"While it may be fairly said that Mr. Lincoln entertained many Christian sentiments, it cannot be said that he was himself a Christian in faith or practice. He was no disciple of Jesus of Nazareth. He did not believe in his divinity and was not a member of his Church.
"He was at first a writing Infidel of the school of Paine and Volney, and afterwards a talking Infidel of the school of Parker and Channing....
"If the Churches had grown cold -- if the Christians had taken a stand aloof -- that instant the Union would have perished. Mr. Lincoln regulated his religious manifestations accordingly. He declared frequently that he would do anything to save the Union, and among the many things he did was the partial concealment of his individual religious opinions.
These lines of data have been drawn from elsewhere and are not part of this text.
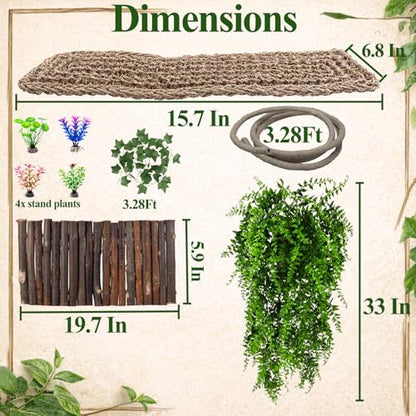 HERCOCCI Bearded Dragon Tank Accessories, 9Pcs Reptile Plants Vines Hammock | Flexible Bridge with Suction Cups Terrarium Habitat Décor for Snake Gecko Lizard Chameleon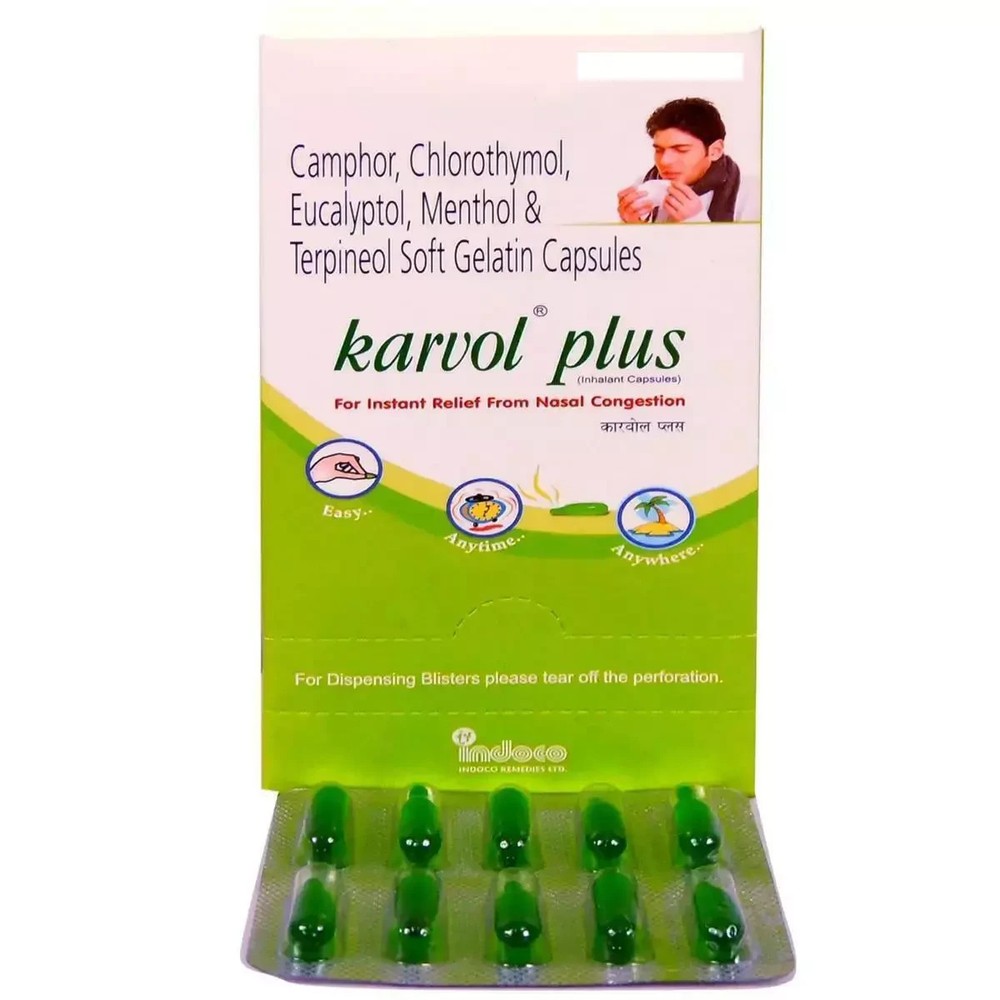 Karvol Plus (60 Capsules) Clears Blocked Nose & Relieves Local Irritation Cold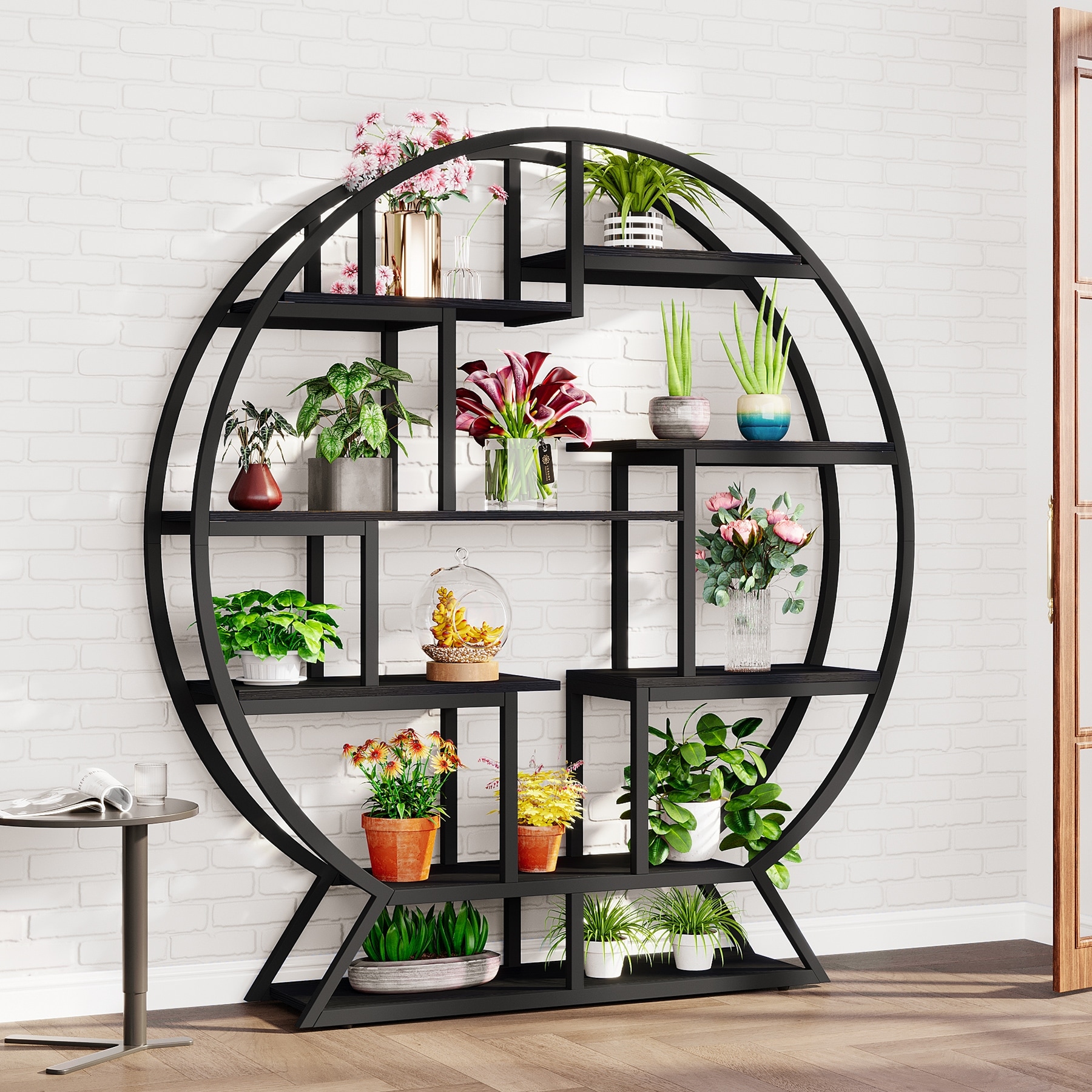 Industrial Round Plant Stand, 63 Inch Plant Shelf Holder, Multipurpose Flower Pot Stands with 8 Shelves
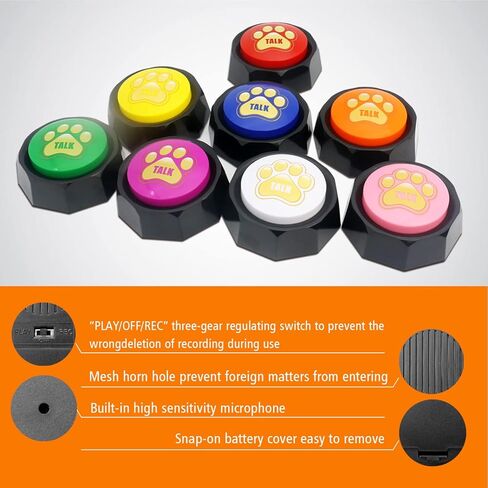 أزرار للكلاب للاتصال، مجموعة أزرار التحدث القابلة للتسجيل مكونة من 8 ألوان، تسجيل وتشغيل لمدة 30 ثانية، طنينات للدراسة والمكتب والمنزل in Kuwait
Is this a blot upon his fame? Or shall we all agree that it was a conscientious and patriotic sacrifice?"
— -- The New York World (about 1875), quoted from Franklin Steiner, The Religious Beleifs of Our Presidents, pp. 138-39
Not quite.
In the early Empire, basically until after Constantine's Edict of Milan in 327 (tolerating christianity), there was a form of state religion which treated the emperor as divine. Jews and Christians both refused to offer sacrifices to images of rulers - think, in terms of civic meaning, of the pledge of allegiance - with the predictable consequence of seeing their loyalty to the state thrown in doubt.
That's largely where Roman anti-Semitism came from; that, and that awkward habit that the Jews had of revolting every other decade. The Romans didn't have an aversion to Jews comparable to later, medieval and modern anti-Semitism, which was mainly religiously based ("Jesus-killers who use the blood of christian children to make Matzohs") and then of course, "racially". There's been a synagogue in Rome since the late Republic, over 2,000 years ago; the Romans didn't want the Jews to stop being Jews, they just wanted them to worship the emperor like everyone else. From the polytheistic point of view, this whole monotheism business didn't make a lot of sense, hence the persecution.
It's always been astounding to me how many different kinds of people dislike Jews and for how many different reasons. It's as if Jews are a projection surface for every hatred under the sun.